Symposium 2011 ‘AOT bij onbegrepen klachten, weet wat je doet’
Op 25 juni 2011 werd het symposium ‘AOT bij onbegrepen klachten, weet wat je doet’ georganiseerd door de AOS met als thema dat een procesmatige benadering niet zozeer diagnostische en screening instrumenten behoeft maar vooral evaluatiemiddelen. Immers, als je uitgangspunt is dat je de oorzaak van een klacht niet hoeft te weten om toch aan de slag te kunnen gaan en al behandelend te onderzoeken of een hoge spanning een rol speelt in de klachten, dan gaat het erom de respons van de klachten en van de spanning te meten. Welke meetinstrumenten zijn er binnen de AOT?
Meten van spanning
Op de eerste plaats gaan we uit van de klachten, zoals verwoord door de patiënt. Aangezien de klachten niet tot een diagnose zijn te herleiden is het cruciaal om aan te sluiten bij de beleving van de patiënt. Daaruit zou een gunstig effect moeten blijken.
Daarnaast wordt binnen AOT veel gebruikgemaakt van de Nijmeegse Vragenlijst voor hyperventilatieklachten. Traditioneel is deze lijst in gebruik om vast te stellen (diagnostisch label) of er ‘hyperventilatie’ is. Dat blijkt niet langer reëel. Uit getallen die Van Dixhoorn presenteerde bleek dat patiënten met ‘hyperventilatieklachten’ een sterk verhoogde score hebben en zijn te onderscheiden van normale mensen door een afkap punt te kiezen van 20. Normale mensen hebben een gemiddelde van 11, de meeste patiënten met hyperventilatie hebben een score van 20 of hoger (gemiddeld 29).

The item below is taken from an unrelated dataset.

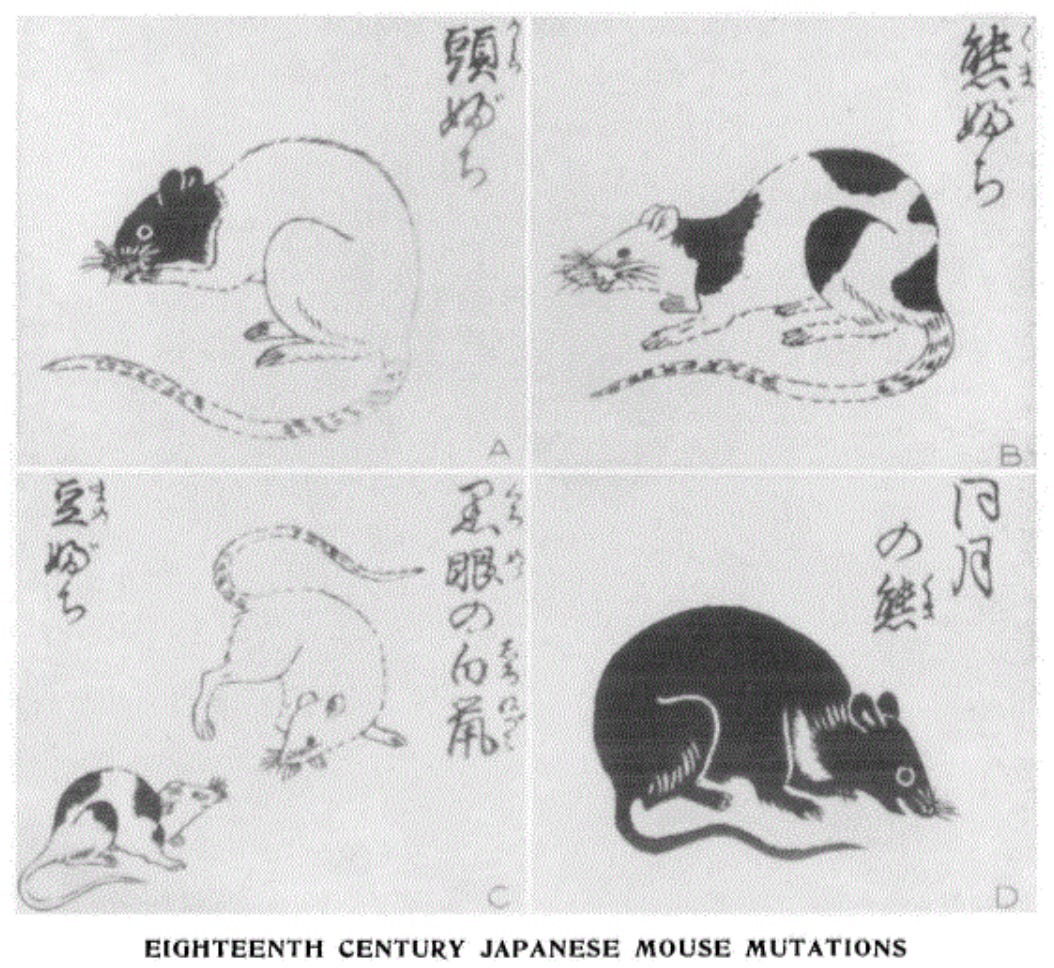 Как в лабораториях появились мыши - 3 Задолго до того, как мышей стали разводить для биологических исследований, любители мышей разработали процесс их разведения в неволе. Это изображение с фронтисписа японского справочника 1787 года «Chin-gan-sodategusa» («Разведение любопытных разновидностей мышей»), в котором описаны причудливые разновидности и даны советы по выведению мышей с желаемым цветом шерсти.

Het blijkt nu dat de meerderheid (tweederde) van alle patiënten die voor AOT verwezen worden ook een verhoogde score hebben. Een hoge score is dus niet specifiek. Evenmin blijkt dat een nog hogere score (>30) het label ‘hyperventilatie’ waarschijnlijk maakt, zoals nog vaak gebeurt.
Een hoge score op de NVL blijkt bovendien niet geassocieerd te zijn met een betere uitkomst van behandeling. Sterker, in de gehele groep patiënten met onbegrepen (spannings)klachten hebben patiënten met een hogere score minder vaak een goede uitkomst. Patiënten met ‘normale’ scores hebben zelfs het beste resultaat van adem- en ontspanningstherapie. Een hoge NVL score is op zich zelf geen goede verwijsreden.
De NVL is heel goed bruikbaar om de uitkomst te evalueren. Patiënten met een goede behandeluitkomst hebben gemiddeld een praktisch normale score, terwijl patiënten zonder goed effect een verhoogde score blijven houden. Een NVL daling van tenminste 10 punten is nodig om van een ‘echte’ verandering te spreken. De samenhang tussen NVL daling en klinische beoordeling van de uitkomst is voor de patiënten met het label ‘hyperventilatieklachten’ het grootst.
Een andere vragenlijst is de Algemene Toestandslijst of ATL, door Van Dixhoorn in 2006 opgesteld om als aanvulling te dienen op de NVL. De scores van patiënten, verwezen voor AOT, zijn geanalyseerd door Dr Ruud Bosscher, universitair hoofddocent aan de VU. De 16 items blijken drie dimensies te bevatten, ‘moeilijk bewegen’, ‘moe/onrust’ en ‘concentratie’. Er blijven drie items over, die echter samenhangen met deze factoren. De somscores van patiënten uit de eerste lijn zijn aanmerkelijk lager dan de scores van patiënten uit de tweede lijn, maar ook weer veel hoger dan scores van normalen (respectievelijk: 24, 34 en 44!). De ATL discrimineert dus goed. Het afkappunt tussen normaal en verhoogd ligt bij een score van 28 of hoger. De test-hertest betrouwbaarheid is goed. Om van een echte en betrouwbare verandering na therapie te kunnen spreken is een daling van tenminste 10 punten noodzakelijk. Uiteraard geldt dit alleen als de beginwaarde 28 of hoger was. Wanneer we dit als criterium nemen dan blijkt 62% van alle patiënten hersteld te zijn na AOT. Zelfs is bijna de helft terug naar waardes binnen het normale bereik. Dit zijn heel positieve uitkomsten, vergelijkbaar met de uitkomsten van psychotherapie.
Ruud Bosscher moest echter wel concluderen dat het niet zeker is of de ATL alle spanning meet. Hier wordt nog verder over gedacht. Er is een sterke samenhang met de NVL (correlatie = 0.67), maar niet zo sterk dat ze elkaar vervangen. Waarschijnlijk is ‘hoge spanning’ multi dimensionaal en is een enkele meting niet voldoende om de realiteit ervan vast te stellen. Hier blijft ervaring van de behandelaar nodig!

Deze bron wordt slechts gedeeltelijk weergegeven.